Bien que tous les apologistes de la bourgeoisie clament la fin de cette crise qui a commencé en 2008 et qui a touché pratiquement tous les pays du monde, frappant de plein fouet le secteur financier de l’économie et faisant plonger avec lui l’ensemble de la dite économie réelle (celle qui produit directement des marchandises et des services), les prémisses sur lesquelles s’appuie la sortie de la crise sont en fait des facteurs de sa prolongation et de son aggravation: l’argent injecté à bas coût dans le système bancaire ou l’endettement public sont en effet des solutions qui ne résolvent pas le problème dans lequel retombe périodiquement la production capitaliste et la société bourgeoise: la crise de surproduction au cours de laquelle le taux de profit de l’investissement devient complètement insuffisant pour maintenir les niveaux où était arrivé la production. Les mesures qui cherchent à garantir l’investissement à travers la création de liquidités ou par l’intervention directe de l’Etat ne peuvent qu’exacerber la crise en y introduisant des éléments aggravants.

Mais ce sont là les seules mesures que la bourgeoisie pense adopter pour sortir le capital de sa crise. L’autre face de la généreuse intervention de l’Etat que tous les intellectuels du système bourgeois ont applaudi, ce sont les mesures dirigées contre la classe ouvrière dans le but d’extraire le plus possible de plus-value de la force de travail; un ensemble de recettes économiques qui ont été également saluées par les experts économiques, et avec lesquelles on prétend dégrader les conditions de vie et de travail des prolétaires en les soumettant à une stricte discipline pour augmenter son exploitation. Les principales mesures sont les suivantes:

- La réforme du travail qui réduit drastiquement les indemnités de chômage, en les faisant passer à 25 jours pour chaque année de travail, au lieu de 33. Elle introduit aussi la possibilité pour les entreprises de modifier unilatéralement les contrats de travail pour y introduire les changements nécessaires à la bonne marche des affaires.

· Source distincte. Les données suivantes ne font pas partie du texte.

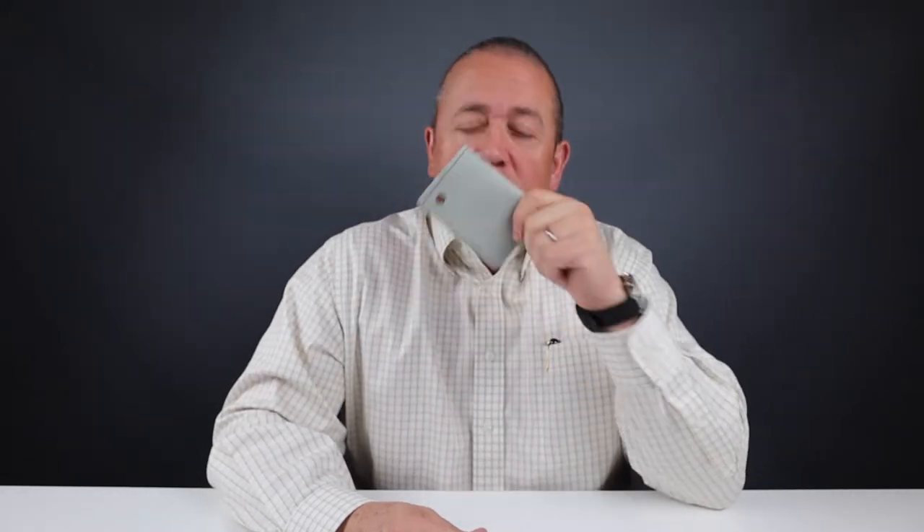The Rustico Voyager wallet — this leather is so fantastic, you just gotta keep watching.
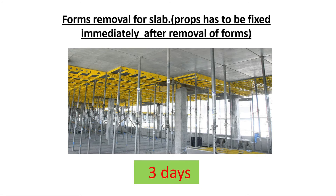For slab formwork removal: within three days you can remove the formwork, but you have to fix the props again immediately. You can see in this picture that the formwork has already been removed, but the props are fixed back in place. So within three days you can remove the slab formwork, but you must re-fix the props immediately.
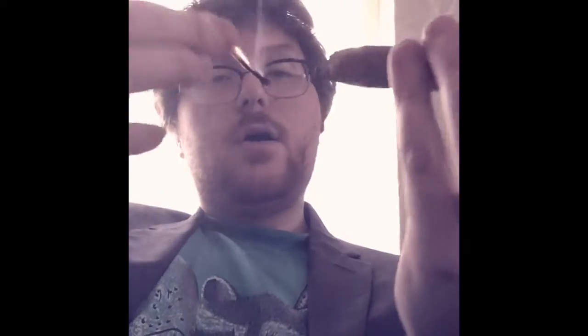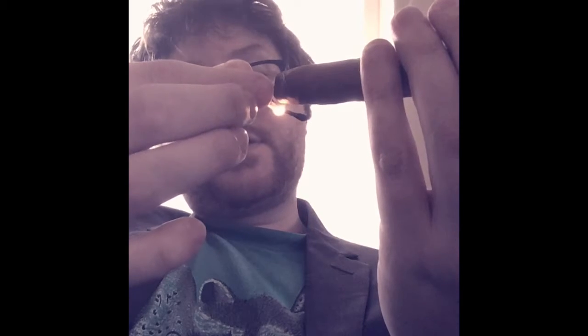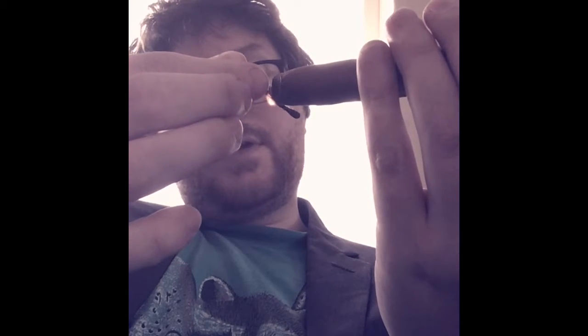Two matches did the trick — it's a pretty narrow point there on the end. Just toasted the edges a bit before going in with the lighter. One puff on the end just to make sure everything is lit well. I missed a little corner there, but that should correct nicely.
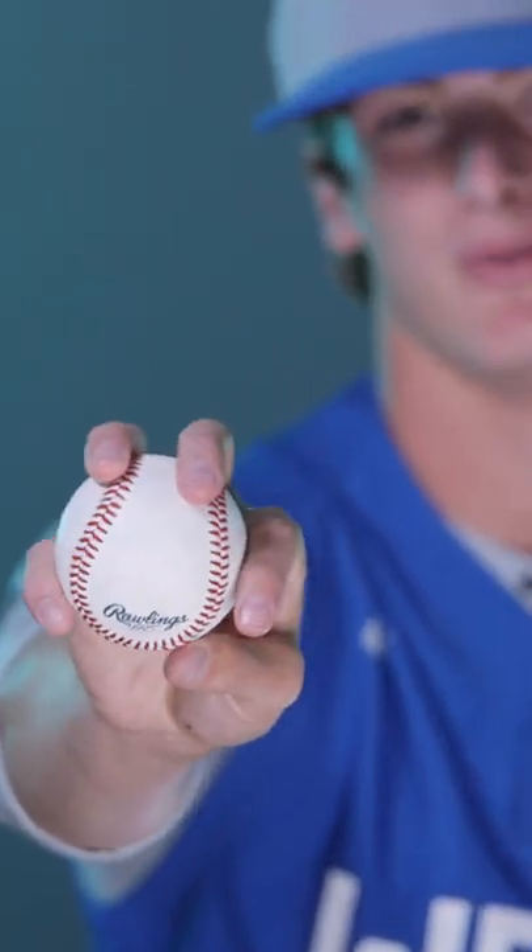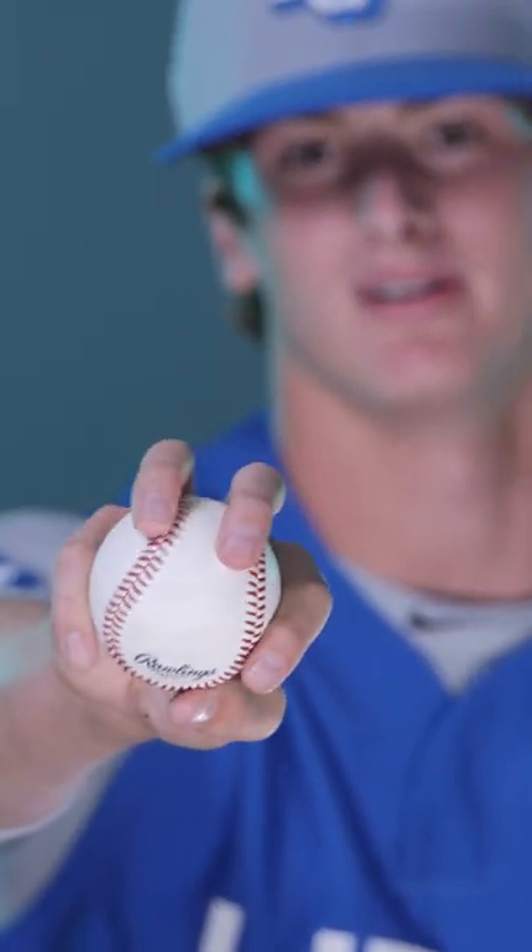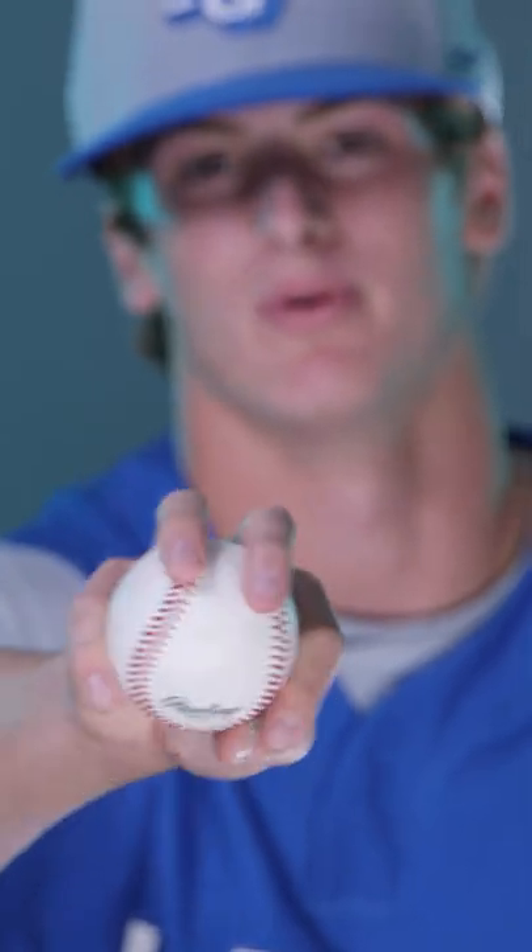And then a changeup — I punch my thumb, which I've kind of learned from Max Scherzer, to try and get more pronation on the ball and get it to run a little more arm side.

- La réforme du système des retraites qui veut diminuer ce que reçoivent les retraités en augmentant l’âge de départ à la retraite de 65 à 67 ans et les années de cotisation sur lesquelles s’établit la pension: non plus les 15 dernières années, mais l’ensemble de la durée de vie au travail.

- Les mesures d’urgence du «plan anti-crise» comme la baisse de 5% du salaire moyen des fonctionnaires, la suppression des 420 euros pour les chômeurs non indemnisés ou la «diminution des dépenses d’autonomie» qui se réfère sans aucun doute au système de prestations qui sera transféré aux Communautés Autonomes (Revenu minimum d’insertion, etc.). Dans la dernière mouture de ces mesures, les diminutions des aides aux chômeurs (baisse générale et obstacles plus grands pour obtenir les indemnités, contrôles des chômeurs, etc.) vont de pair avec la hausse des impôts (comme la TVA) destinée à accroître les revenus de l’Etat pour qu’il puisse continuer à soutenir - économiquement, politiquement et militairement - les grandes entreprises et le secteur financier;

Cet ensemble de mesures est la concrétisation dans les faits des exigences de la bourgeoisie qui reviennent toujours à extorquer davantage de bénéfice de la classe ouvrière en augmentant le rythme du travail, en diminuant les salaires, etc., bref en aggravant sauvagement l’exploitation des travailleurs pour surmonter une crise... en préparant une crise ultérieure, et à terme, un nouveau conflit mondial.

C’est une nécessité fondamentale pour les prolétaires de répondre à ces attaques; l’aggravation constante de leurs conditions de vie les place en effet devant l’alternative de tomber dans la misère la plus aiguë... ou de lutter. Et lutter, pour les prolétaires, ce n’est pas se laisser happer par l’illusion répandue par la bourgeoisie de créer son entreprise ou de se surmonter un moment difficile en serrant les dents (et en se serrant la ceinture, bien entendu), ce qui signifie en définitive aggraver la concurrence avec les autres prolétaires, en cherchant à profiter des rares possibilités offertes par le système bourgeois de s’en sortir «seul contre tous».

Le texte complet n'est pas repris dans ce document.